Work to complete. Below, some lines carry pictures; leave those pictures out and retype exactly the lines from the one with "Hi friend, this" through the one with "three years of".
------ Supplied information
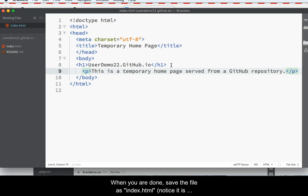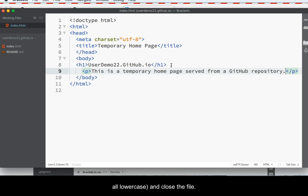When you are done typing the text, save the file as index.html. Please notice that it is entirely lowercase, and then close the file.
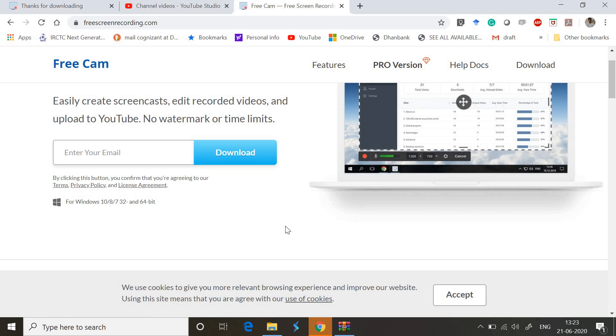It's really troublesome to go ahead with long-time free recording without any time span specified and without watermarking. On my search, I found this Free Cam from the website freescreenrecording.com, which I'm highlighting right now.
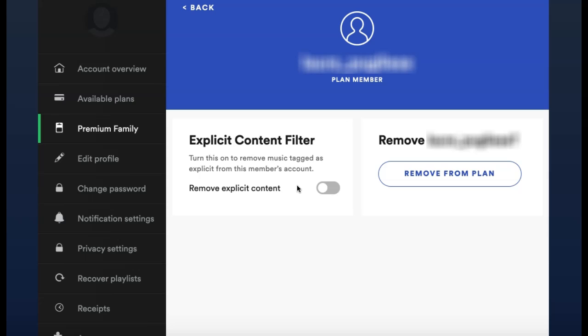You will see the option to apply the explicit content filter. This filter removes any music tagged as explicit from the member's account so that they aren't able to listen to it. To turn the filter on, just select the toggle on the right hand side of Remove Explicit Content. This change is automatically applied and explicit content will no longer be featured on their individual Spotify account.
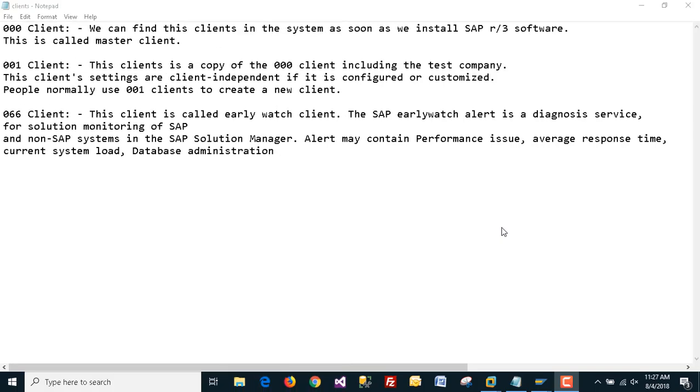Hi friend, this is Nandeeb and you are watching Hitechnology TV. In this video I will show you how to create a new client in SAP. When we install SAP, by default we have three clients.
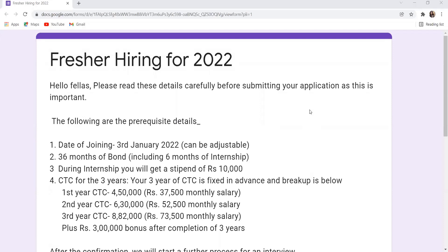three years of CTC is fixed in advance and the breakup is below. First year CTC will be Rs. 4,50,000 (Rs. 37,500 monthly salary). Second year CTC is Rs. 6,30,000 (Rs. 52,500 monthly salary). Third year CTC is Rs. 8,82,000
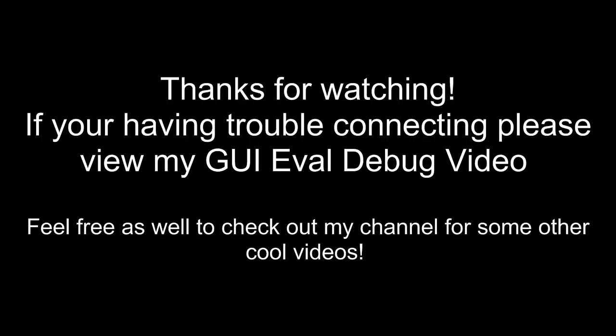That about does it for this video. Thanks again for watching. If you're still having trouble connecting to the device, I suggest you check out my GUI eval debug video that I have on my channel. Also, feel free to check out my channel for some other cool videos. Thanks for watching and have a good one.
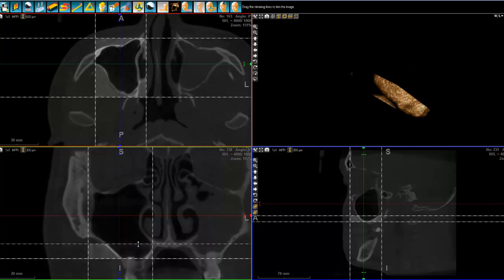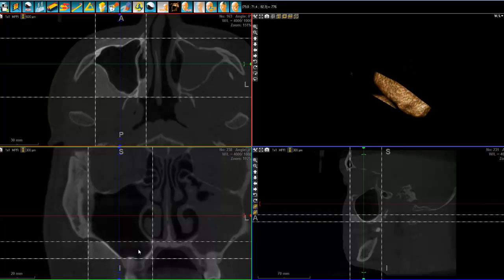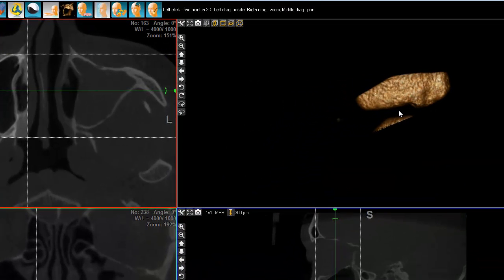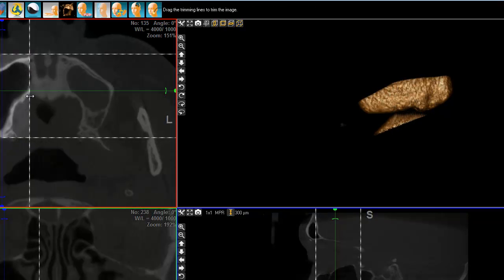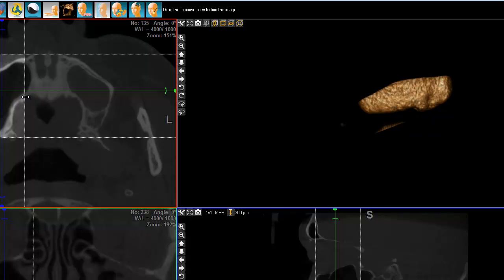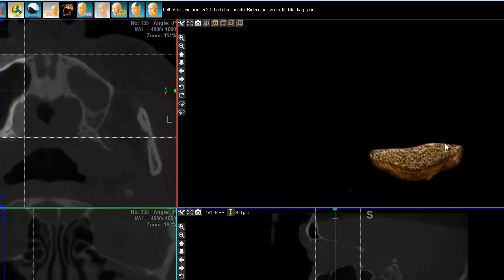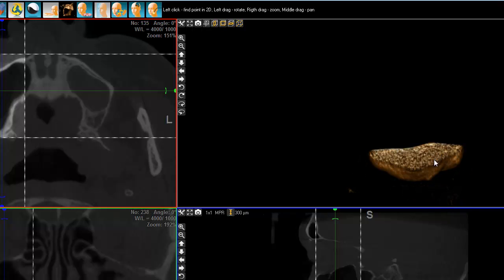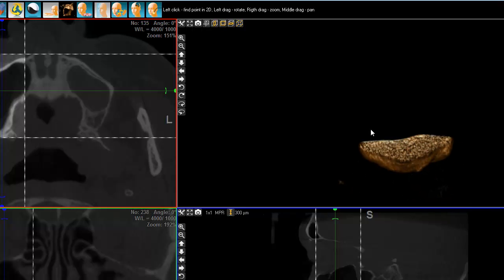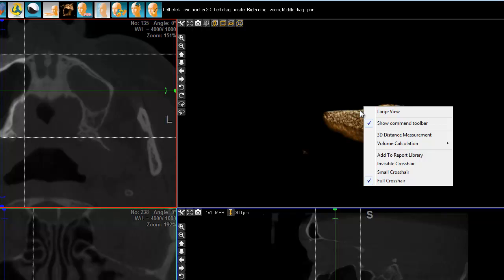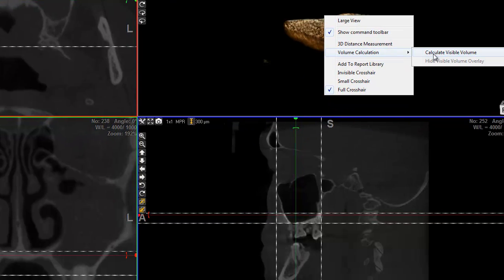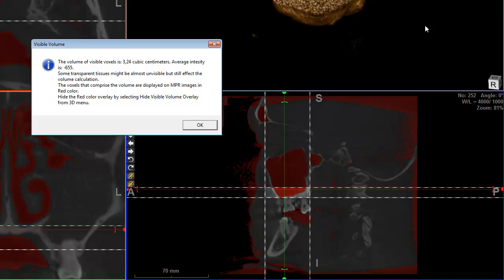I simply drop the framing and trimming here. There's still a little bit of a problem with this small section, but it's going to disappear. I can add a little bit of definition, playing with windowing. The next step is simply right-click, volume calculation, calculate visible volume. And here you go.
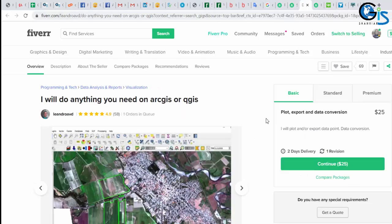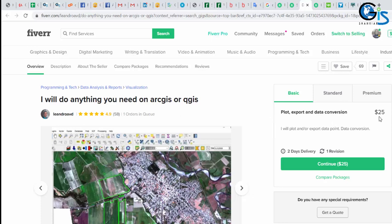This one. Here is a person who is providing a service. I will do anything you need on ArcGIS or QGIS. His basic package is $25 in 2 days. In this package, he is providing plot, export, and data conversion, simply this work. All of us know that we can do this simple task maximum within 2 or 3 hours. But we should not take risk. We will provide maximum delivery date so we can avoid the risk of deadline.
------------
Solution to this task.
Hi friend, this is Nandeeb and you are watching Hitechnology TV. In this video I will show you how to create a new client in SAP. When we install SAP, by default we have three clients.
three years of CTC is fixed in advance and the breakup is below. First year CTC will be Rs. 4,50,000 (Rs. 37,500 monthly salary). Second year CTC is Rs. 6,30,000 (Rs. 52,500 monthly salary). Third year CTC is Rs. 8,82,000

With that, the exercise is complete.